David Hipkiss, Executive Chair of AlveoGene, said: “Receiving Orphan Drug Designation from FDA for AVG-002 represents another important milestone for AlveoGene, following the recent grant of Rare Pediatric Disease Designation for the same candidate. Both awards highlight the significant unmet need for novel therapies targeting SP-B deficiency in newborn infants, which is invariably fatal within a few months and for which there are very limited treatment options. AVG-002, a novel gene therapy, has been designed using our InGenuiTy® technology to reach deep into the affected lung tissues to restore lung function and could provide a lifelong treatment from a single administration. We are totally committed to advancing AVG-002 as quickly as possible to provide a transformative, life-saving treatment for patients.”

AVG-002 is being developed by AlveoGene using its InGenuiTy® platform, which employs a unique pseudotyped lentiviral vector to deliver a functional SP-B gene directly to the neonatal deep lung alveolar region with high efficiency and efficacy via respiratory instillation.

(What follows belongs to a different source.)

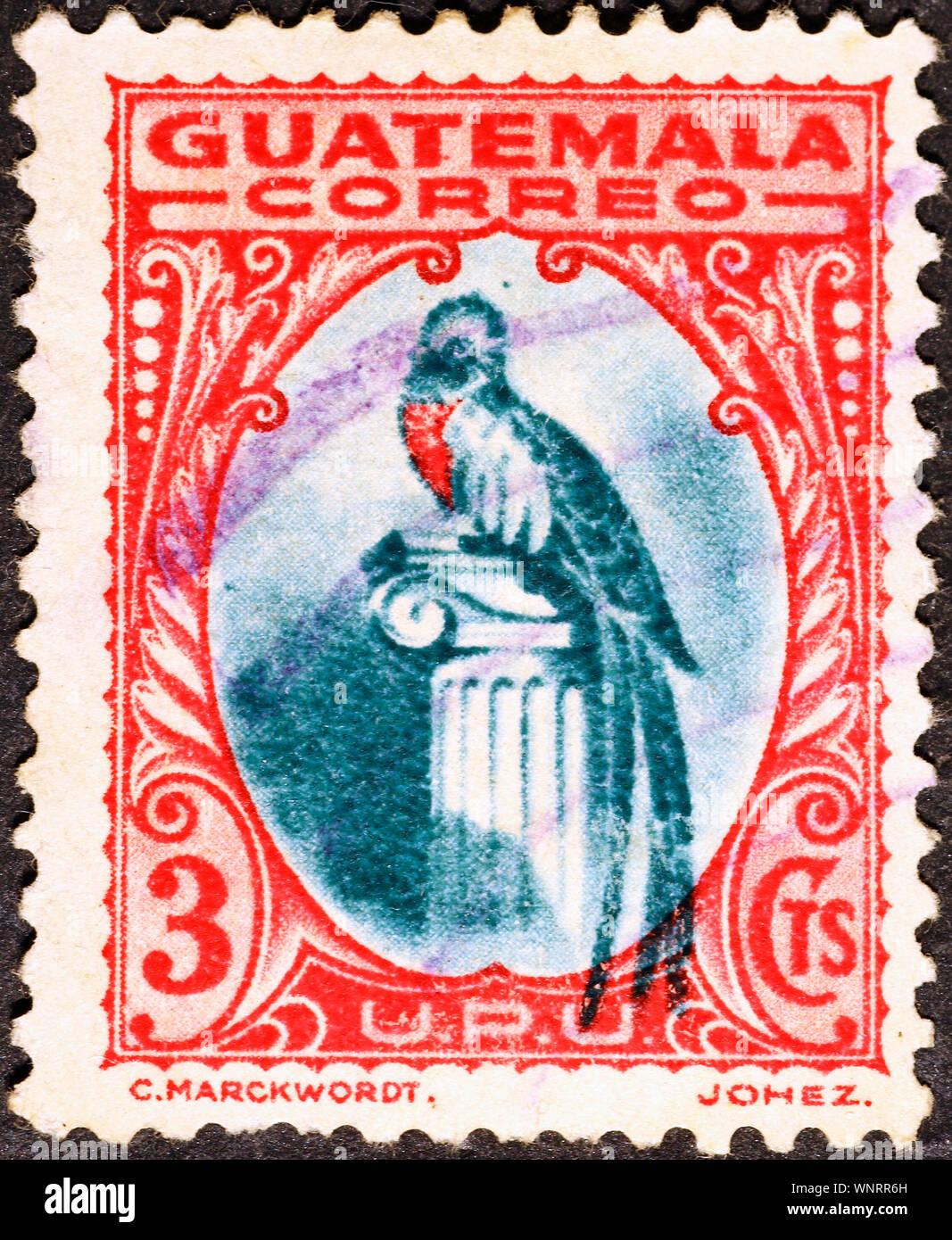 Quetzal oiseau sur vieux timbre-poste du Guatemala Banque D'Images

Preclinical data in SP-B gene knock-out murine models demonstrate that a single dose of AVG-002 extends survival substantially longer when compared with reported data of other SP-B deficiency candidates in development, offering the possibility of a lifelong treatment from a single administration. These data are further reinforced by findings that confirm the restoration of normal lung histology and function following AVG-002 treatment in disease-induced lung tissues. Based on these highly encouraging findings, AlveoGene is advancing its preparations for the clinical development of AVG-002 in lethal neonatal SP-B deficiency with the possibility of filing for marketing authorisation by 2028.

FDA’s Office of Orphan Drug Products grants Orphan Drug Designation (ODD) to support the development of medicines for rare disorders that affect fewer than 200,000 people in the US. Under the Orphan Drug Act, ODD qualifies a company for incentives, including tax credits, exemptions from certain FDA fees for clinical trials, and the potential for seven years of market exclusivity following drug approval.